Title: Tangier Garrison fortifications - Spanish Horse
Post by: Mpanko on July 21, 2023, 10:32:22 PM
I read in the Halket diary that there was a troop of Spanish cavalry supporting the English circa 1680.  I think they had all white uniforms to include their hats.  Anyone know anything more about them?  Thinking the Spanish horse out of the 1672 line is the right look….short of any uniform info
Title: Re: Tangier Garrison fortifications - Spanish Horse
Post by: peachey_c on July 22, 2023, 12:18:20 AM
"Tangier, England's lost Atlantic outpost, 1661-1684" by Routh
page 185
Apparently, they were from Catalan. No mention of uniforms that I can see.

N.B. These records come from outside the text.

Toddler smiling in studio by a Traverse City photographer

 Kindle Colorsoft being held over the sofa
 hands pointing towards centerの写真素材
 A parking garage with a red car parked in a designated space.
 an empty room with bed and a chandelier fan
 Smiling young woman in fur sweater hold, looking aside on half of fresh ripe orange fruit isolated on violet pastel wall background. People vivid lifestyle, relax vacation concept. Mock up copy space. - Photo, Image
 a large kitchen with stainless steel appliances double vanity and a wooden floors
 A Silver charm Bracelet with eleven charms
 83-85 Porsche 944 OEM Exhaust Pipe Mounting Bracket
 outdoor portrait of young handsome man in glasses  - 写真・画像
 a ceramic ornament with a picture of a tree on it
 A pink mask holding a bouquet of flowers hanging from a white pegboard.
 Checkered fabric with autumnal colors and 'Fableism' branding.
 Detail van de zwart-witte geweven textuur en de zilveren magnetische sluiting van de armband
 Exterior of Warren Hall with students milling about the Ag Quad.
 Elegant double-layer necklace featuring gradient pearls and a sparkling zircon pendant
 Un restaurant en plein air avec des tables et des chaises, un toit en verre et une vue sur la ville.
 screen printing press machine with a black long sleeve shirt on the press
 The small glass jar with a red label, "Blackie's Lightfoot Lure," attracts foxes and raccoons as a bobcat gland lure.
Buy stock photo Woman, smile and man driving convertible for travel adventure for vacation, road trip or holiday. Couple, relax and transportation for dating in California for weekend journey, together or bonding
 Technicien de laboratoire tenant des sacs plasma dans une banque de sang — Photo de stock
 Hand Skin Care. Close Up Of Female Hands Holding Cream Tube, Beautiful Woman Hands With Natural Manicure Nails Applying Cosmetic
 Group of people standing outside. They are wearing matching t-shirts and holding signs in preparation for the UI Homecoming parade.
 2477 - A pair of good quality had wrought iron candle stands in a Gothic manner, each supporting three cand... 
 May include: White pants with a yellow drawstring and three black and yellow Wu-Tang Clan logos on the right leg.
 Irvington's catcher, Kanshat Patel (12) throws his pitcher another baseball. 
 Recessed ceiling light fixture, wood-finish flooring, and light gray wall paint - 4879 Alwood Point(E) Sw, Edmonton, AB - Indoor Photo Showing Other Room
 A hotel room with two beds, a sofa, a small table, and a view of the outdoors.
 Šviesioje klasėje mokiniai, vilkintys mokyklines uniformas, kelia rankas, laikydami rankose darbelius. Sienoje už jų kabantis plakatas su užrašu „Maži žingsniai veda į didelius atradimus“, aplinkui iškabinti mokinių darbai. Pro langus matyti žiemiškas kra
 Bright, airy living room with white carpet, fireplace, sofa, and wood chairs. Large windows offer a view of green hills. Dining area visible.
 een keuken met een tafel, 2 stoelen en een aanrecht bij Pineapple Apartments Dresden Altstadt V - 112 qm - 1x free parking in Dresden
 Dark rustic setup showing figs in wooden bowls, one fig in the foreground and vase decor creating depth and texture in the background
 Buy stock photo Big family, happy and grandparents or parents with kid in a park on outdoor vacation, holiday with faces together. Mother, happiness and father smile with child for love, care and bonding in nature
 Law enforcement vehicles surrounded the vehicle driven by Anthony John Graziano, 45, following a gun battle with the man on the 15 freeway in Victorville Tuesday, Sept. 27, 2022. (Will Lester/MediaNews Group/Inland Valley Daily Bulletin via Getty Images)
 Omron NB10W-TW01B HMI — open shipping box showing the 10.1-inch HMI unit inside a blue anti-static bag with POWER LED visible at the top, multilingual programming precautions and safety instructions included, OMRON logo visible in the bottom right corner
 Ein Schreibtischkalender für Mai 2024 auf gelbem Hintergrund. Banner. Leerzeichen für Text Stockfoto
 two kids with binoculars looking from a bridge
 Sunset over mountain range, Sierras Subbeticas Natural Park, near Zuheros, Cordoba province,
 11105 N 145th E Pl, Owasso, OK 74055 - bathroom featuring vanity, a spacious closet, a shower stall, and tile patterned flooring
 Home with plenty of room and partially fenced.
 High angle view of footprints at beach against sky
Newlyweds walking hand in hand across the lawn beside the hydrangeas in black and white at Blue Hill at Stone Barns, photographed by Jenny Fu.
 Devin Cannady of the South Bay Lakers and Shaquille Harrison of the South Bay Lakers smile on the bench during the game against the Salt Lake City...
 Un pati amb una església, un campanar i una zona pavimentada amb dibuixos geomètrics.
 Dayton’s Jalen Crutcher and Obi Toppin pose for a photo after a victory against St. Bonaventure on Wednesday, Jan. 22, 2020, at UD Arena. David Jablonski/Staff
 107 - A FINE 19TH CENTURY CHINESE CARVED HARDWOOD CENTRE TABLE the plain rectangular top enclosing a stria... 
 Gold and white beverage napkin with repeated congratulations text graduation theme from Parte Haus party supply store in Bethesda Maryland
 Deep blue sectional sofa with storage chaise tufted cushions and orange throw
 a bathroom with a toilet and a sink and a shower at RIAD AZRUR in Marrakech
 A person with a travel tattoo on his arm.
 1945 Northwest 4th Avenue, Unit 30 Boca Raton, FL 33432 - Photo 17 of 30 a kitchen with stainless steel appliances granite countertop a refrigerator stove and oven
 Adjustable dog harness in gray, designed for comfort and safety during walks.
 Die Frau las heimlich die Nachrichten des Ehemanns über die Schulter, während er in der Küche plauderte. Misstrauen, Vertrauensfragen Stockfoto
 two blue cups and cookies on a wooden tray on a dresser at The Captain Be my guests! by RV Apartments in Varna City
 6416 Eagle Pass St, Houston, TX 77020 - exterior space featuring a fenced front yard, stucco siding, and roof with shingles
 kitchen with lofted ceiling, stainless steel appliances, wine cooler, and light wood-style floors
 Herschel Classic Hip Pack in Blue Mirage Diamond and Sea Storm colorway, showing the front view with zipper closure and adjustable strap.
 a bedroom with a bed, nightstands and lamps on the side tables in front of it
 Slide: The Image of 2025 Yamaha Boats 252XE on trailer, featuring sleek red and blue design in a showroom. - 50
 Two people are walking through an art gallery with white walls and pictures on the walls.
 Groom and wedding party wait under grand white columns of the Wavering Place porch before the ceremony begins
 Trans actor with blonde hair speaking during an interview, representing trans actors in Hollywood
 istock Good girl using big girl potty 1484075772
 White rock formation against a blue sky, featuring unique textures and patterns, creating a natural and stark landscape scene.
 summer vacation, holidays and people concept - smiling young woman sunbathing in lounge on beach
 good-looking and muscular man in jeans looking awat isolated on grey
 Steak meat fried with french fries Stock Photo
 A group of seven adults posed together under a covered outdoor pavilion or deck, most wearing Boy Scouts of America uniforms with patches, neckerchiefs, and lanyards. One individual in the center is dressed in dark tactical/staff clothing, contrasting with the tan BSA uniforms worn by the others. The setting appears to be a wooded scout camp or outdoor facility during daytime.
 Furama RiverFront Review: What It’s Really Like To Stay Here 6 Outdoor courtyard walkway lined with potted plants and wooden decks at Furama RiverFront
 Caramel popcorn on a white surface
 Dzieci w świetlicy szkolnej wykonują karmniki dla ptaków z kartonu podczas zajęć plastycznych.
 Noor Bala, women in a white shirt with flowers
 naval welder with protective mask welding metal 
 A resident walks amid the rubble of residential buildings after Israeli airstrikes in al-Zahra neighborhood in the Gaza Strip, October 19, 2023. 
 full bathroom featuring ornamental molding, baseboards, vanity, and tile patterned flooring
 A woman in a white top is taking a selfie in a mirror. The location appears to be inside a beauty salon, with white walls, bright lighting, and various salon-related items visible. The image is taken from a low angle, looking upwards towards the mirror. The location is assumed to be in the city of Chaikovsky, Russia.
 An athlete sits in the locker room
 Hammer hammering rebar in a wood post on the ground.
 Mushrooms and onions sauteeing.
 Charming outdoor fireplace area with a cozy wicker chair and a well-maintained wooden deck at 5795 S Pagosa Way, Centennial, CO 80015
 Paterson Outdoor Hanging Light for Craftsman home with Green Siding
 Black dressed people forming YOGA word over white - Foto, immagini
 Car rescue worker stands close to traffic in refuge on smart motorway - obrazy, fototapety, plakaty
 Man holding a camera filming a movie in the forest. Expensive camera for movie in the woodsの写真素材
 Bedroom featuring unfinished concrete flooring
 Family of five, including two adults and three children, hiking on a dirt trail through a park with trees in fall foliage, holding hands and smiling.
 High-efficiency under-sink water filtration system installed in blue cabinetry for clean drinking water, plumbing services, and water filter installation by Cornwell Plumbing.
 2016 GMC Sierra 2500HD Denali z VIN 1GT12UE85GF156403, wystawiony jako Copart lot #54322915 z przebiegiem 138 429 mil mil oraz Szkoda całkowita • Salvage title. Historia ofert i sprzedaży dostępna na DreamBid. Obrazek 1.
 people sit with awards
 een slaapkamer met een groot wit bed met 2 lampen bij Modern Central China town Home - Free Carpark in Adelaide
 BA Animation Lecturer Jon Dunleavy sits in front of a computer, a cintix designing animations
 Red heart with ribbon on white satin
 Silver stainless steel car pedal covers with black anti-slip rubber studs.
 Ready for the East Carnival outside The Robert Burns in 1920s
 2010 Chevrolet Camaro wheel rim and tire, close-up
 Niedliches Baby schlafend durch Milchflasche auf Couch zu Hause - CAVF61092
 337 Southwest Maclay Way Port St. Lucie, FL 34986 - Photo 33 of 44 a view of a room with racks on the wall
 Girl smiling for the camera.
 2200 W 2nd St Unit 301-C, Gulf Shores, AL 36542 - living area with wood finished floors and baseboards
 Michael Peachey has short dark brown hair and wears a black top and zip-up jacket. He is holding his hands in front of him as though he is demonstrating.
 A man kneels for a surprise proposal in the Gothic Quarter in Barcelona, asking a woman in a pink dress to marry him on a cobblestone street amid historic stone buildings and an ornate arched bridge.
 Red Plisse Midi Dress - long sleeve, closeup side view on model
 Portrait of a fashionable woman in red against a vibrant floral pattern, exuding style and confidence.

"a treaty between England and Spain was signed at Windsor by
the Spanish Ambassador, Don Pedro de Ronquillos. In
view of the pressing need of cavalry at Tangier, and the
difficulty of transport from England, the King of Spain
gave orders for two hundred Catalan horse to be put at
Colonel Fairborne’s disposal; it was also arranged that
horses might be bought in Spain for the use of the Tangier troopers.
The Governor of Andalusia was requested to send the
Spanish troops to “a place they call Barbatt and Bologna
Bay,” which Herbert reported to be the most convenient
point of embarkation. The Admiral sent ships over for
their transport, and they arrived at Tangier just in time
to do gallant service in a victory over the Moors won at
the end of October."


They are mentioned a few times after that, search the text for 'Spanish.'
Title: Re: Tangier Garrison fortifications - Spanish Horse
Post by: Patrice on July 22, 2023, 01:21:45 AM
Fascinating maps when you compare them to the Google Maps satellite view it's still recognizable.  :o
Title: Re: Tangier Garrison fortifications - Spanish Horse
Post by: carlos marighela on July 22, 2023, 10:52:57 AM
Also English horse were raised, one troop followed by up to another three. According to Childs, initially equipped as horse but later as dragoons (they became the Royal Dragoons/ 1st Dragoons). That's how they served at Sedgemoor.
Title: Re: Tangier Garrison fortifications - Maritime Regimental Flags posted
Post by: Mpanko on July 24, 2023, 11:17:50 PM
DUKE OF YORK AND ALBANY'S MARITIME REGIMENT OF FOOT flags are posted at the Flags of War

https://www.flagsofwar.com/collections/james-ii-army-1/products/monj21-duke-of-york-and-albanys-maritime-regiment-of-foot

I had read in another thread that these existed, made an inquiry and a bit later these were posted…  :D

I might go crazy and ask for some Moorish flags circa 1680… maybe even a Tangiers Adventure section to complete the niche…. lol

Title: Re: Tangier Garrison fortifications - Maritime Regimental Flags posted
Post by: carlos marighela on July 25, 2023, 08:05:53 AM
Handy for fighting the Dutch.
Title: Re: Tangier Garrison fortifications - Maritime Regimental Flags posted
Post by: Frostie on August 26, 2023, 09:28:08 AM
DUKE OF YORK AND ALBANY'S MARITIME REGIMENT OF FOOT flags are posted at the Flags of War

https://www.flagsofwar.com/collections/james-ii-army-1/products/monj21-duke-of-york-and-albanys-maritime-regiment-of-foot

I had read in another thread that these existed, made an inquiry and a bit later these were posted…  :D

I might go crazy and ask for some Moorish flags circa 1680… maybe even a Tangiers Adventure section to complete the niche…. lol

Founded in 1664, went on to become the Royal Marines
Title: Re: Tangier Garrison fortifications - Maritime Regimental Flags posted
Post by: carlos marighela on August 26, 2023, 10:47:27 AM
Well sort of, not quite, they were disbanded not long after Tangier. There were numerous units raised as for sea service  through the late 17thC and early 18thC. Most were disbanded at the end of hostilities. The booties really date to 1746, when the Admiralty took control of the existing regiments in sea service.
Title: Re: Tangier Garrison fortifications - Maritime Regimental Flags posted
Post by: Baron von Wreckedoften on August 27, 2023, 08:53:43 PM
Not 1755, when the Marines (later Royal Marines) were formed?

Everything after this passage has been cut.